3-2-1 is ideal, but Time Machine is really best as an on-premises backup, with some other backup utility for off-site network backups, unless you are going to unfailingly move disks to an off-site location.
Consumer rotating rust drives can be good when run solo, but when in an enclosure with other drives, the combined vibrations take their toll on the drives. NAS rate drives are more tolerant of adjacent drives vibrating the enclosure.
Using a direct attached JBOD concatenated drives to make a bigger volume is fine, as that system is most likely dedicated to backup, and if it fails, you just start over again, because it is a backup and not your original work.
However, if you get a NAS, you are tempted to use its other features, such as a personal dropbox equivalent, a video server, your own home VPN, a personal web site, etc... In that case using RAID so a single disk failure does not take out all the OTHER stuff you have on the NAS. And yes, the files you are using that are not related to a backup, need their own backup. I have a 2nd NAS in a diagonally different part of my home which just backups up the primary NAS. It is NOT "Off-Site", but I'm hoping that one or the other NAS will survive a disaster.
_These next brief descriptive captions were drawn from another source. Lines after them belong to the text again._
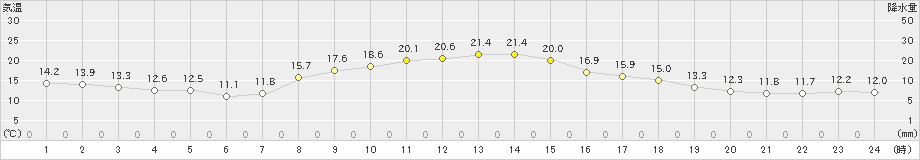 樽見(>2019年10月09日)のアメダスグラフ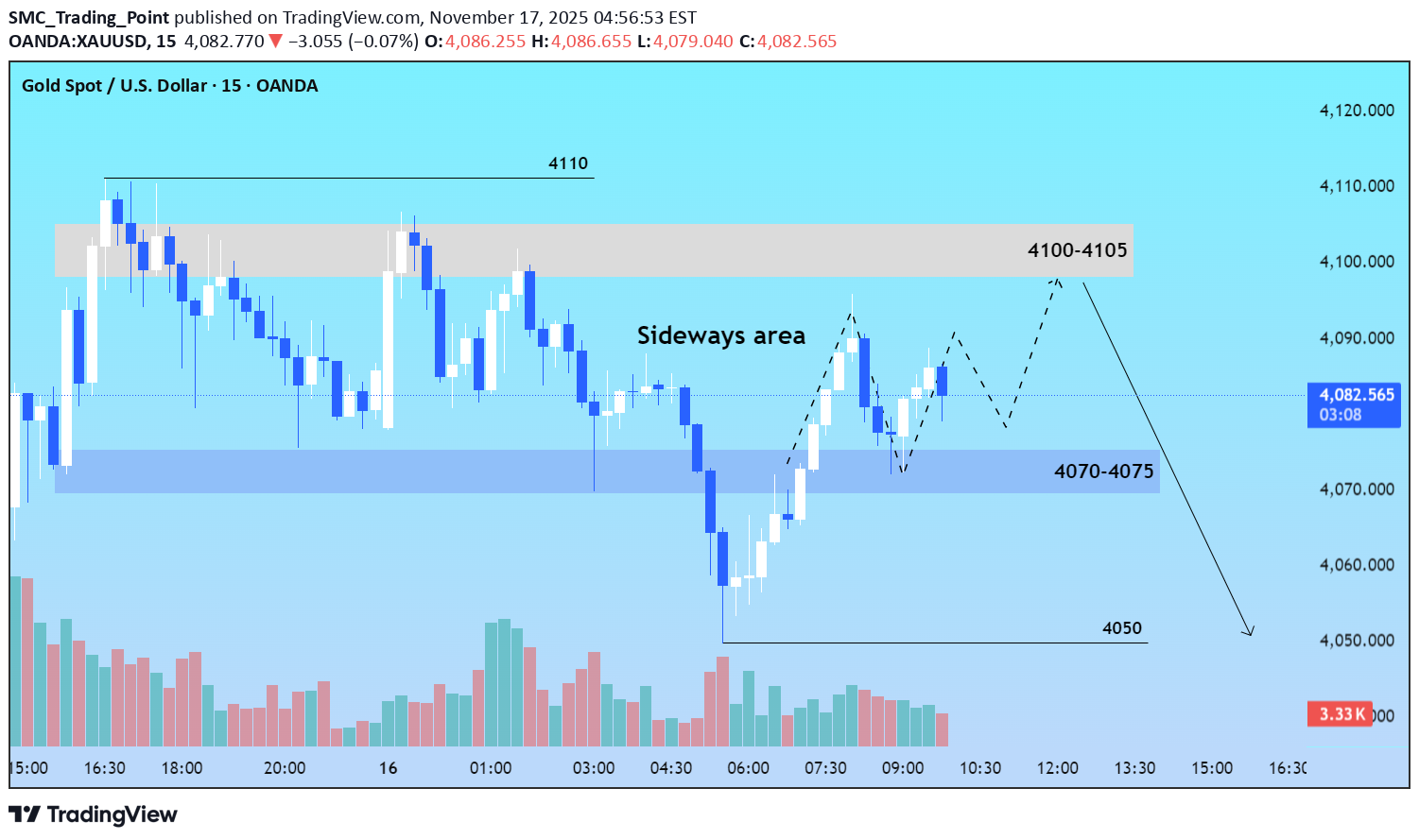 İndirimPAXG،Teknik،SMC_Trading_Point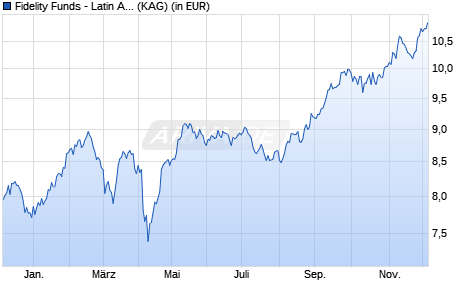 Performance des Fidelity Funds - Latin America Fund Y (EUR) (WKN A2JSJC, ISIN LU1731834021)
Agreed that RAID is not a backup, but it is useful in that when a drive fails, you do not need to panic that you are no longer backing up. You can take a little time to get a replacement drive, pull the failed drive, plug in the replacement and allow the RAID box to re-silver everything.
One of the nice things about Synology is you can have "Hot Spares" so that if a drive fails, a drive is sitting there waiting to be put into service for the failed drive. Synology also has RAID configurations with 2 redundant drives so loosing 1 drive means you still have redundancy, until you loose a 2nd drive and then you are still functional, but cannot afford to loose any more drives.
From an admin perspective, RAID gives you some flexibility on when you need to replace failed drives.